▶ _Data provided_
:::::

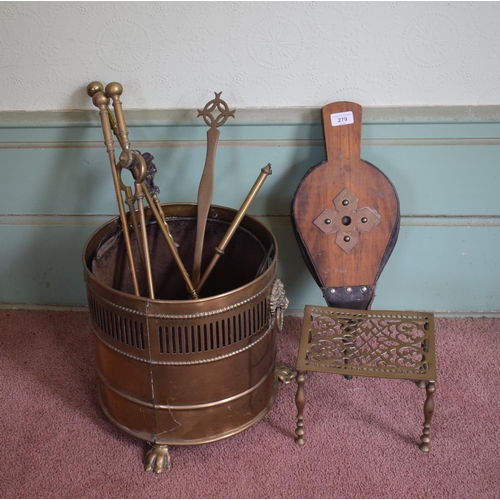 279 - A brass coal bin, a pair of bellows, a trivet and various fire irons, removal cost A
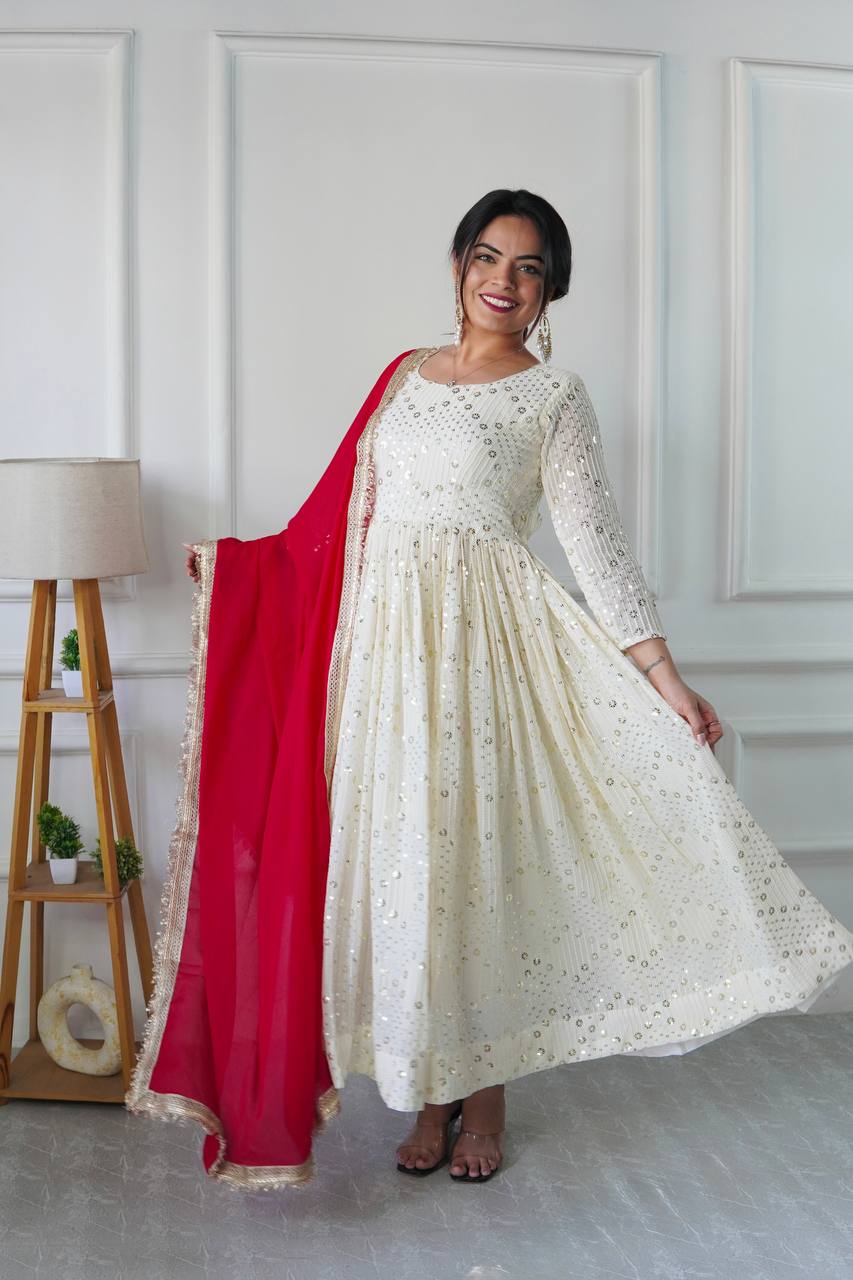 Launching New Designer Party Wear Anarkali with Pant – Embroidered Elegance!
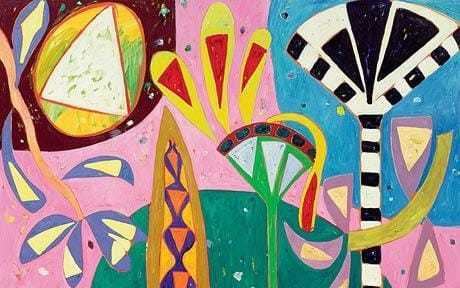 Gillian Ayres Abstract artist Gillian Ayres painting against the tide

:::::

▶ _About this task_
Repeat the material above word for word, please, apart from its images.

▶ _Exercise answer_
 279 - A brass coal bin, a pair of bellows, a trivet and various fire irons, removal cost A
 Launching New Designer Party Wear Anarkali with Pant – Embroidered Elegance!
 Gillian Ayres Abstract artist Gillian Ayres painting against the tide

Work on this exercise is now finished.